The Design Awards have a new jury every year, so no two rounds of winners are ever alike. As usual, this year’s honored projects span typologies, scales, and continents, and showcase the incredible reach and talent of our design community. International projects feature in most year’s groups of winners, but this year we’re particularly reminded of the global nature of practice in New York. I can’t help but look at the mix of winning projects and make connections between them and other issues on our minds. This publication comes at a fraught time for the meaning and notion of international cooperation, collaboration, and interdependence, with rapidly changing foreign policy, a volatile trade environment, and economic and political uncertainty all around us.
Our members are grappling with this uncertainty, trying to anticipate how the policy landscape may stop or slow projects, cause construction costs to skyrocket, jeopardize collaborations, and make practice more difficult in many other ways. None of us has the answers to these challenges or can perfectly anticipate what comes next.
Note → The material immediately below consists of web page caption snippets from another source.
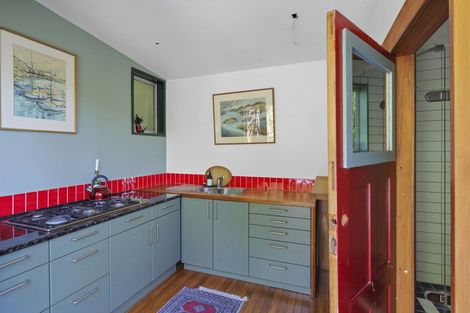 Photo of property in 135 Main Road, Allandale, Governors Bay, 8971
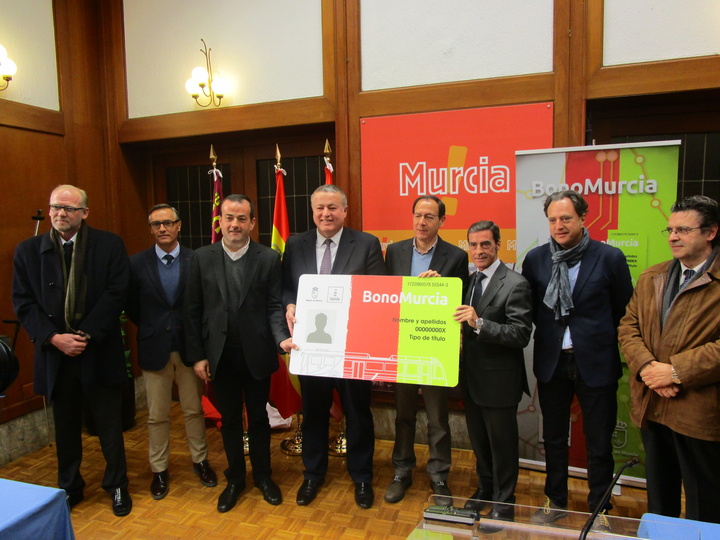 El consejero de Fomento, Francisco Bernabé, y al alcalde de Murcia han presentado hoy el Bono Murcia, acompañados por los representantes de las tres empresas concesionarias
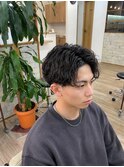 【岸】メンズセンターパートツイストスパイラルパーマ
But as we have learned through many different troubling periods, it is at the intersection of creativity and community—where AIANY and the Center for Architecture do their most valuable work of convening—that we find the ideas and cooperation necessary to move forward.
And when it comes to convening, we have much work to do locally, even as we attempt to metabolize and respond to actions and declarations from the federal government. We are already speeding towards a primary election for mayor, to be held on Tuesday, June 24. As always, we encourage our members and colleagues to vote, and to connect with us and our advocacy resources to understand where candidates are on issues central to architectural practice. Congestion pricing, Local Law 97 implementation, procurement reform, the future of public space, the ongoing and dire need for more housing—these are all issues that AIANY continues to work in coalition with others to advance our goal of advocating for a just and sustainable city.
Architects, designers, and our collaborators here in New York are no strangers to shocking and challenging events that shift the ways we think, work, and build. Together we will meet this moment and push harder than ever to ensure that policymakers locally hear and value the knowledge and priorities of our community.